平成二十七年東京都議会会議録第九号

○副議長(藤井一君) 十七番栗林のり子さん。
〔十七番栗林のり子君登壇〕

○十七番(栗林のり子君) 初めに、少子化社会対策について伺います。
 二〇二〇年までの少子化対策の方向性を示す国の少子化社会対策大綱が、三月二十日、閣議決定されました。
 平成十六年、二十二年に続き、今回は三回目であり、少子化は社会経済の根幹を揺るがしかねないとの危機感のもと、結婚や子育てしやすい環境づくりへ社会全体を見直し、これまで以上に対策を充実するとしています。
 また、個人の選択、価値観の押しつけにならないよう配慮をした上で、個々人が結婚や子供について希望が持てる社会の実現を目指しています。

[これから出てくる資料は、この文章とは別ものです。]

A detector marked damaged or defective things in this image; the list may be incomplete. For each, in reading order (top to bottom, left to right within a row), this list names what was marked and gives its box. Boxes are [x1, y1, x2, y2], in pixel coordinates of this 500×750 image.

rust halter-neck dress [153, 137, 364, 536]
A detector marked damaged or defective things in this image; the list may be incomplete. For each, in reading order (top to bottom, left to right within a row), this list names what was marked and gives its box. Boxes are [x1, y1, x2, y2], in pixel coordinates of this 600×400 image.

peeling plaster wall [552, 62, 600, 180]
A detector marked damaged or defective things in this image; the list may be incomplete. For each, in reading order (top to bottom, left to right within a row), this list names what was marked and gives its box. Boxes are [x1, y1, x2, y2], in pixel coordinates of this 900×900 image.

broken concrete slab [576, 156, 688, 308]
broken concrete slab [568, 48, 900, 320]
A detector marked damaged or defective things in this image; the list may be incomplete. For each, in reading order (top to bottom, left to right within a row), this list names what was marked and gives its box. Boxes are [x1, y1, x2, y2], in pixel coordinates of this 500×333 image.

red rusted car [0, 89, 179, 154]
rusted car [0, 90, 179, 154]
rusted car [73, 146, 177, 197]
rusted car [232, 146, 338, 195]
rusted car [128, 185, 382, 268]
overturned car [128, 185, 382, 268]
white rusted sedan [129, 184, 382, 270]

 初めに、こうした国の動きも踏まえ、知事の少子化対策に向けた所見を伺います。
 また、今回の大綱では、自治体などの結婚支援にも大きく踏み込んでいます。
 私は、平成二十四年、予算特別委員会で、未婚、晩婚化の対策として、結婚を希望する人に向けてのサポート体制の構築の必要性を取り上げたところ、当時の知事より大変前向きな答弁をいただきました。
 地方行財政調査会の二〇一四年に行われた都道府県の婚活支援実施状況調査では、八割を超す三十九道府県の団体が支援事業を行い、検討中の自治体も含めると八七%が前向きに取り組んでいます。

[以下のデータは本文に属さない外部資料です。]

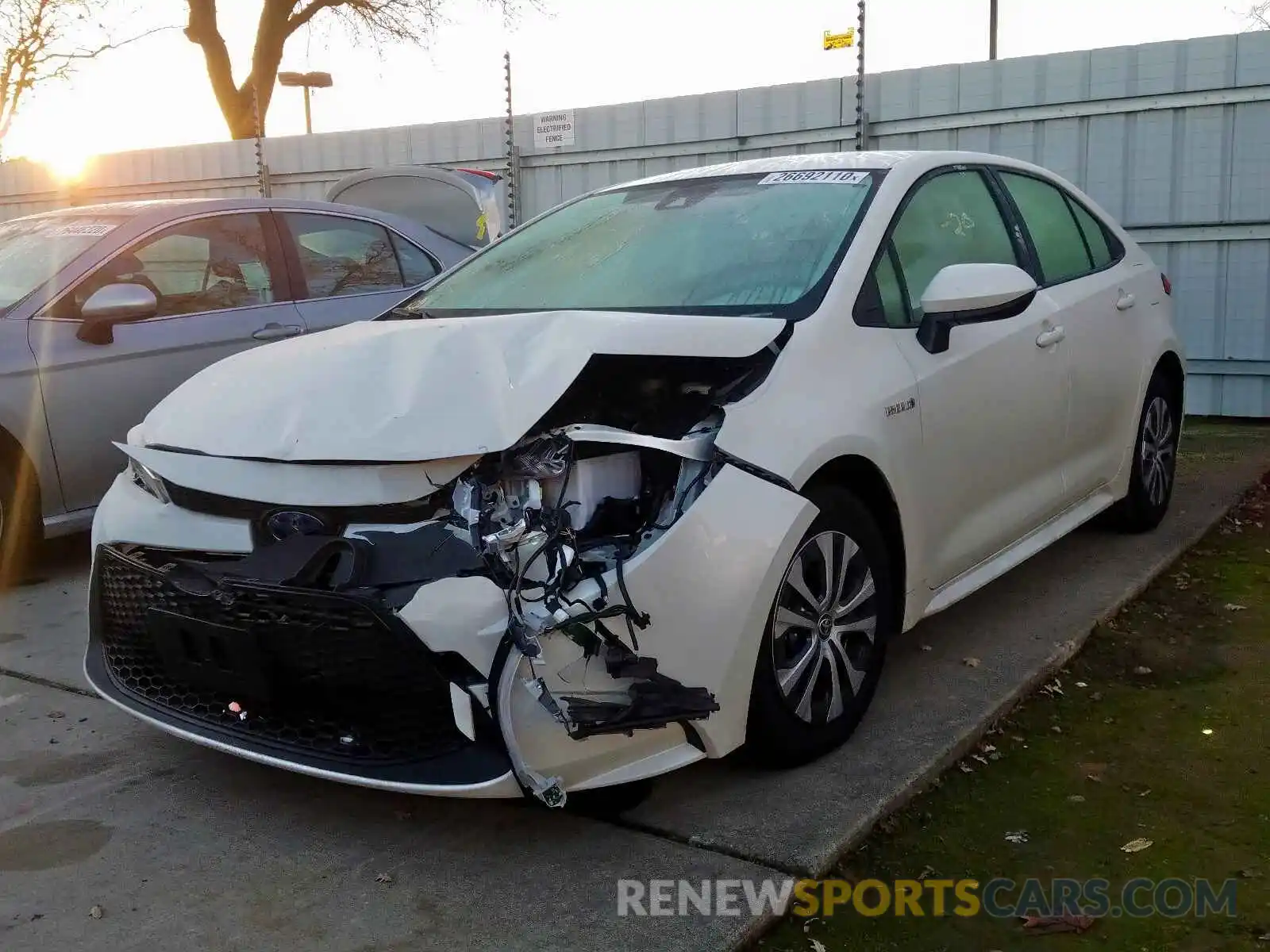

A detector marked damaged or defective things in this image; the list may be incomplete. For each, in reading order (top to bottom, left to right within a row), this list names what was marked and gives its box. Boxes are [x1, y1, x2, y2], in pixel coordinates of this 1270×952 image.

damaged hood [139, 311, 782, 464]
white damaged toyota corolla [84, 151, 1183, 807]
detached bumper piece [83, 548, 510, 787]
crumpled front bumper [87, 543, 518, 797]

 都も、ようやく昨年より、東京都子育て応援ファンドモデル事業を開始し、対象事業の中に、出会い、結婚支援事業も含め、スタートしたところです。
 しかしながら、二十六年の採択されたモデル事業十四事業のうち、出会い、結婚支援事業は一件という状況で、まだまだ情報が行き渡っていません。この事業の情報が広く行き渡る取り組みが必要です。
 この事業の現状と広報の拡充について見解を伺います。
 次に、新生児里親委託事業について伺います。
 子供を授かることを希望する夫婦に対し、不妊治療の助成制度も拡充されつつあります。しかしながら、治療を続けた結果、授かることが難しい場合に、選択肢の一つとして、里親や特別養子縁組の制度があります。ところが、情報提供と相談体制が構築されていないため、制度につながらない現状があります。

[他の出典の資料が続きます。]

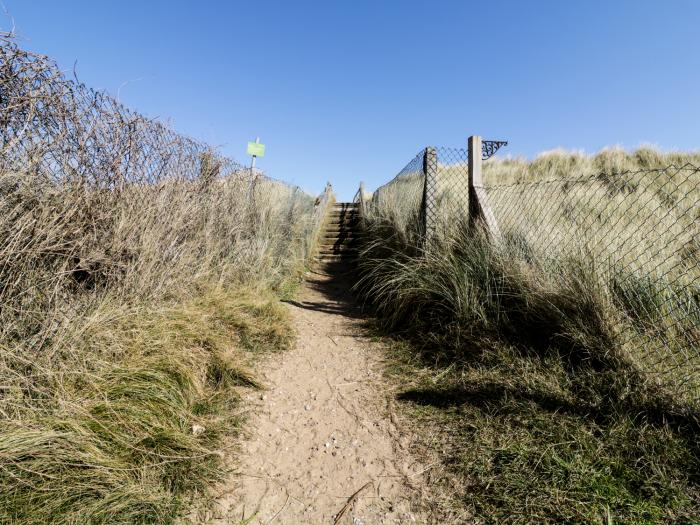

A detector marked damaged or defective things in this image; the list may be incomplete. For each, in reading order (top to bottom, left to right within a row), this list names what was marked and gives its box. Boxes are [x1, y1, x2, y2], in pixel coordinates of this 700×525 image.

rusty fence mesh [366, 143, 700, 406] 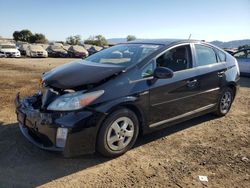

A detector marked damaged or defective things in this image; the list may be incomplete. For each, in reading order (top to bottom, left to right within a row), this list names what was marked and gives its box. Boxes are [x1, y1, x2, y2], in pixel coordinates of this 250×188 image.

crumpled hood [42, 60, 126, 89]
broken headlight [46, 90, 103, 111]
damaged black car [15, 39, 240, 157] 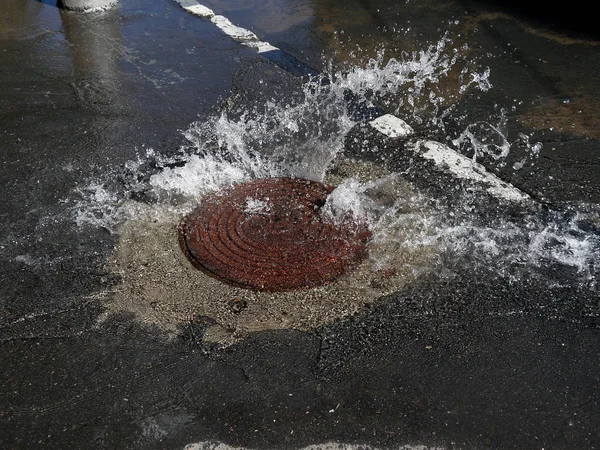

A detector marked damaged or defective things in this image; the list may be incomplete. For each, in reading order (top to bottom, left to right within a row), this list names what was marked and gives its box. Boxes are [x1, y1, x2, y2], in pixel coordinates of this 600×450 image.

rusty manhole cover [178, 176, 372, 292] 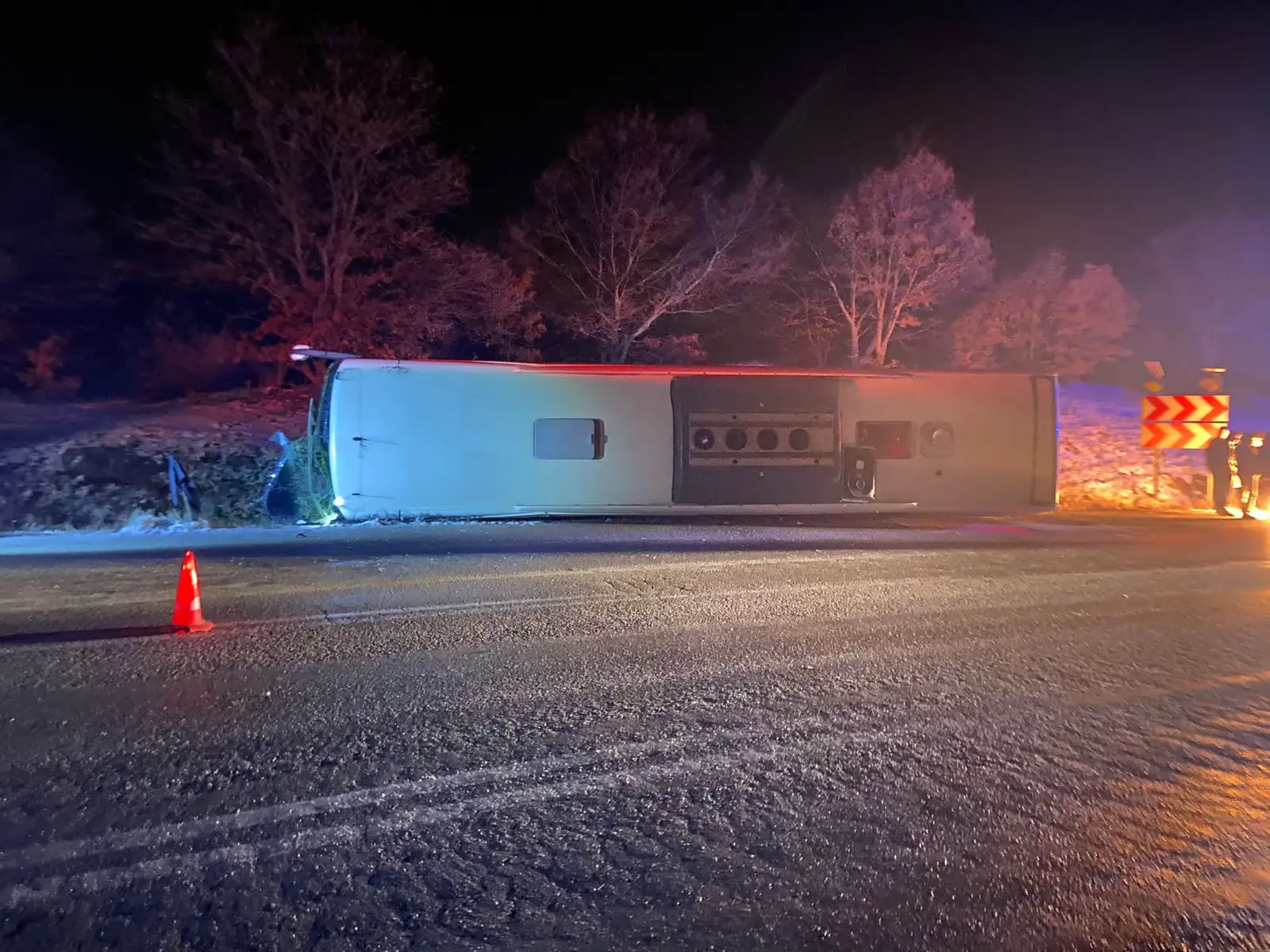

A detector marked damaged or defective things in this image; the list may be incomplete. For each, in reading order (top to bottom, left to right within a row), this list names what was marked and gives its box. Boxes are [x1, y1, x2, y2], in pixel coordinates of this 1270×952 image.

 先日視察をした愛知県では、通称愛知方式と呼ばれる、特別養子縁組を前提とした新生児里親委託を推進しています。この制度は、さまざまな事情から、親が産んでも育てられない新生児を育てたいという里親登録をしている家庭に、生まれてすぐに橋渡しをする制度です。
 親がいない子供が、乳児院や児童養護施設ではなく、家庭の中で愛情を受けて育つことは、子供の権利も守られることにつながります。また、子供ができずに悩んでいた夫婦も、赤ちゃんを迎えて、新しい家族を築くことができるのです。
 東京都は、四月に社会的養護施策推進計画を策定し、その中で家庭的養護を推進していくとしています。
 今後、特別養子縁組も含め、里親委託を推進していくべきと考えます。所見を伺います。
 また、我が党が一貫して取り上げてきた、妊娠、出産に関する切れ目のない支援の中で、昨年より妊娠相談ほっとラインが開始されました。特に、予期しない妊娠や望まない妊娠で悩んでいる女性にとり、この窓口が果たす役割は大変重要であり、利用した方からも喜びの声が届いております。
 しかしながら、相談受け付けの曜日、時間が限られているため、急な対応が必要なときにすぐに相談ができないとの声も寄せられています。利用状況を検証し、相談時間の拡充をすべきです。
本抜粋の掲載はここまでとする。